Preferred monomers that can be used alone or in combination with
other monomers include t-butyl(meth)acrylate, 1,5-pentanediol
di(meth)acrylate, N,N-dimethylaminoethyl (meth)acrylate, ethylene
glycol di(meth)acrylate, 1,4-butanediol di(meth)acrylate,
diethylene glycol di(meth)acrylate, hexamethylene glycol
di(meth)acrylate, 1,3-propanediol di(meth)acrylate, decamethylene
glycol di(meth)acrylate, 1,4-cyclohexanediol di(meth)acrylate,
2,2-dimethylolpropane di(meth)acrylate, glycerol di(meth)acrylate,
tripropylene glycol di(meth)acrylate, glycerol tri(meth)acrylate,
trimethylol propane tri(meth)acrylate, compounds described in U.S.

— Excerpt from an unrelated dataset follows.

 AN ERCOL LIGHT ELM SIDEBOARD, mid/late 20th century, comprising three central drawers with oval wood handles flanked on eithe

Pat. Nos. 3,380,381, 2,2-di(p-hydroxyphenyl)propane
di(meth)acrylate, pentaerythritol tetra(meth)acrylate, triethylene
glycol diacrylate, polyoxyethylene-1,2-di(p-hydroxyethyl)propane
dimethacrylate, bisphenol A
di[3-(meth)acryloyloxy-2-hydroxypropyl]ether, bisphenol A
di[2-(meth)acryloyloxyethyl]ether, 1,4-butanediol
di(3-methacryloyloxy-2-hydroxypropyl)ether, triethylene glycol
dimethacrylate, polyoxyporpyltrimethylolpropane triacrylate,
butylenes glycol di(meth)acrylate, 1,2,4-butanediol [sic]

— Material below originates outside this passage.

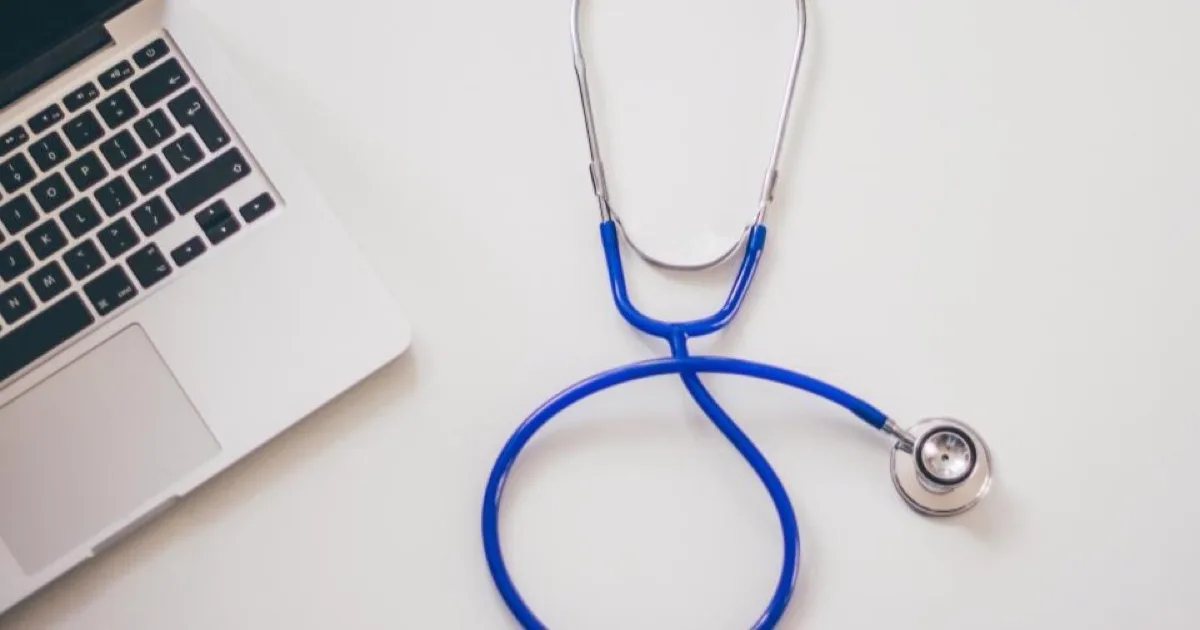 Stéthoscope bleu posé à côté d'un ordinateur portable sur un bureau, illustrant la gestion administrative en santé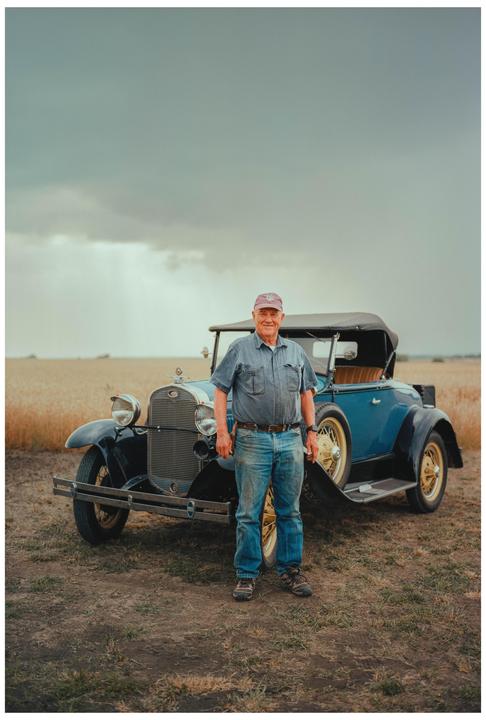 A man stands in front of a vintage blue car in a field under a cloudy sky.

tri(meth)acrylate, 2,2,4-trimethyl-1,3-pentanediol
di(meth)acrylate, 1-phenylethylene 1,2-dimethacrylate, diallyl
fumarate, styrene, 1,4-benzenediol dimethacrylate,
1,4-diisopropenylbenzene, and 1,3,5-triisopropenylbenzene
[(meth)acrylate means both acrylate and methacrylate].
Useful are ethylenically unsaturated compounds having molecular
weights below 300, e.g., an alkylene or polyalkylene glycol
diacrylate prepared from an alkylene glycol or polyalkylene glycol,
such as a 1-10 ether bond-containing C.sub.2-15 alkylene glycol,
and those described in U.S. Pat. No. 2,927,022, such as those
containing a terminal addition-polymerizable ethylene bond.

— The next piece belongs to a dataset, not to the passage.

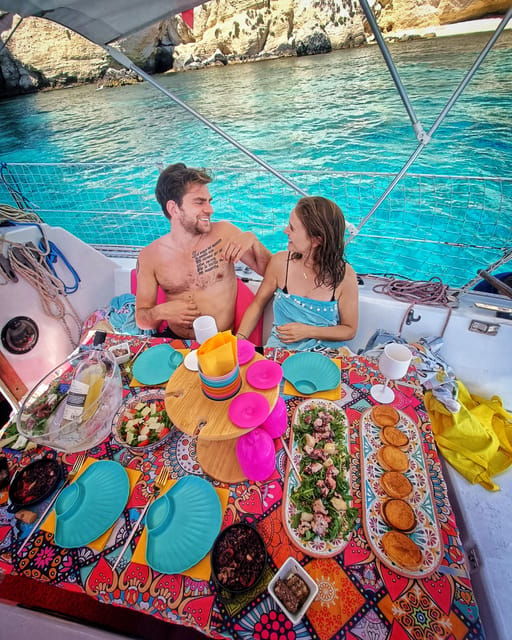 cagliari-relax-on-sailing-boat-with-a-rich-traditional-meal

Other useful monomers are disclosed in U.S. Pat. No. 5,032,490.
Preferred monomers are polyoxyethylenated trimethylolpropane
tri(meth)acrylate, ethylated pentaerythritol acrylate,
trimethylolpropane tri(meth)acrylate, dipentaerythritol
monohydroxypentacrylate, and 1,10-decanediol dimethacrylate.
Other preferred monomers are monohydroxypolycaprolactone
monoacrylate, polyethylene glycol diacrylate (molecular weight:
about 200), and polyethylene glycol dimethacrylate (molecular
weight: about 400). The unsaturated monomer component content is
1-20 wt % based on the overall weight of the dry photopolymerizable
layer.
(G) Organic Medium
The organic medium is mainly used for the easy coating of
dispersions containing a finely pulverized composition on ceramics
and other substrates. Thus, first, the organic medium should be
capable of dispersing the solid components in a stable manner and,
second, the rheological property of the organic medium is to impart
good coatability to the dispersion.
In the organic medium, the solvent component that may be a solvent
mixture should be selected from those capable of complete
dissolution of polymers and other organic components. The solvents
are selected from those that are inert (not reactive) with respect
to the paste composition components. Solvents are selected from
those that have a sufficiently high volatility, thus evaporate well
from the dispersion even when coated under ambient pressure at a
relatively low temperature, while in the case of the printing
process, the volatility should not be too high, causing rapid
drying of the paste on the screen at room temperature. Solvents
that can be favorably used in the paste compositions should have
boiling point below 300.degree. C. under ambient pressure,
preferably below 250.degree. C. Such solvents may be aliphatic
alcohols or their esters such as acetic acid esters or propionic
acid esters; terpenes such pine resin, .alpha.- or
.beta.-terpineol, or mixtures thereof; ethylene glycol, ethylene
glycol monobutyl ether, and ethylene glycol esters such as butyl
Cellosolve acetate; butyl Carbitol and Carbitol esters such as
butyl Carbitol acetate and Carbitol acetate; Texanol
(2,2,4-trimethyl-1,3-pentanediol monoisobutyrate), and other
suitable solvents.
The compositions of the present invention may also contain
additional components described below, in addition to the
components described above.
(H) Additional Components
These are dispersants, stabilizers, plasticizers, releases,
stripping agents, defoamers, wetting agents, etc., that are well
known in the art. Common materials are disclosed in U.S. Pat. No.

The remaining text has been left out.